Pek az otomobil rol aldığı film ile birlikte anılma şansına erişir. Örneğin James Bond'u hayal ettiğinizde aklınıza direkt olarak Aston Martin DB5 gelir. DeLorean DMC-12 ise zamanının ötesinde bulunan tasarımı ile Geleceğe Dönüş serisi ile özdeşleşmiştir. Bugün de bu aracın gerçek bir zaman yolcusu olduğunu kanıtlayan bir video ile karşı karşıyayız.

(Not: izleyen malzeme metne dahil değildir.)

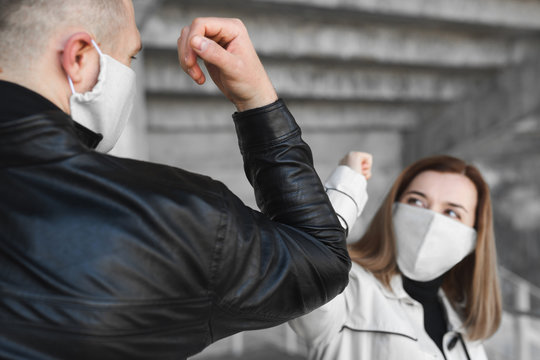 Elbow bumping. A new way of greeting to avoid the spread of coronavirus, covid19. Man and a woman bump elbows instead of hug or handshake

Otonom otomobiller artık hayatımızın önemli bir parçası olmuş durumda. Bolca zaman ve kaynağın kullanıldığı otonom sürüş teknolojileri, otomotiv sektörünün büyük firmalarını bile işbirliği yapmaya zorluyor. Elindeki kısıtlı kaynaklara rağmen projesinden vazgeçmeyen Stanford mezunu Jon Goh ise ortaya Dr. Emmett Brown'ı bile memnun edecek bir araç çıkarmış.
Bunu da oku
1981 model "Marty" adındaki otonom DeLorean'a merhaba deyin. Goh, aracın ismini ana teknolojisi olan "Multiple Actuator Research Test bed for Yaw control" ibaresinden aldığını belirtse de biz asıl amacın Marty McFly'a bir gönderme olduğunu çok iyi anlıyoruz. Makine Mühendisliği bölümündeki doktorasını henüz tamamlamış olan Goh, ekibi ile birlikte 4 yıllık uğraş sonucunda bu modeli üretmeyi başarmış.


Yoğun bir modifiye işleminden geçen araç tamamen elektrikli hale de getirilmiş. Özel bir süspansiyon sistemine kavuşan efsane, içerisine eklenen takla kafesi ile çok daha güvenli hale getirilmiş. Tabi ki modelin ana yapısını oluşturan otonom sistem de kabinin içerisinde bulunuyor. Tam 4 sene boyunca makine öğrenimi ile geliştirilen bu araç, pist üzerinde akıcı driftler yapabilecek hale gelmiş.
Galeri: Stanford Öğrencilerinin Otonom DeLorean'ı
GPS koordinat sistemini kullanan ana sistem; DeLorean'ın pozisyonunu konilere, kutulara ve saman balyalarına göre ayarlıyor. Bu sayede modelin hiçbir engele çarpmadan hareket etmesi sağlanıyor. Goh, yukarıda izlediğiniz videonun Thunderhill pistinde çekilen ilk video olduğunu ve buna rağmen aracın hiçbir engele takılmadığını ifade ediyor.
Goh ve Stanford'daki ekibi aracı sadece drift yapabilmesi için geliştirmemiş. Ekip, gelişmiş otonom sistemleri üzerinde hummalı bir çalışma sürdürüyor. Eğer başarılı olabilirlerse bu sayede gelecekteki otonom araçların çok daha akıcı hareket edebilmesine olanak sağlayacaklarına inanıyorlar.
Driftçi DeLorean'ın hikayesi bir süre daha konuşulacak gibi görünüyor.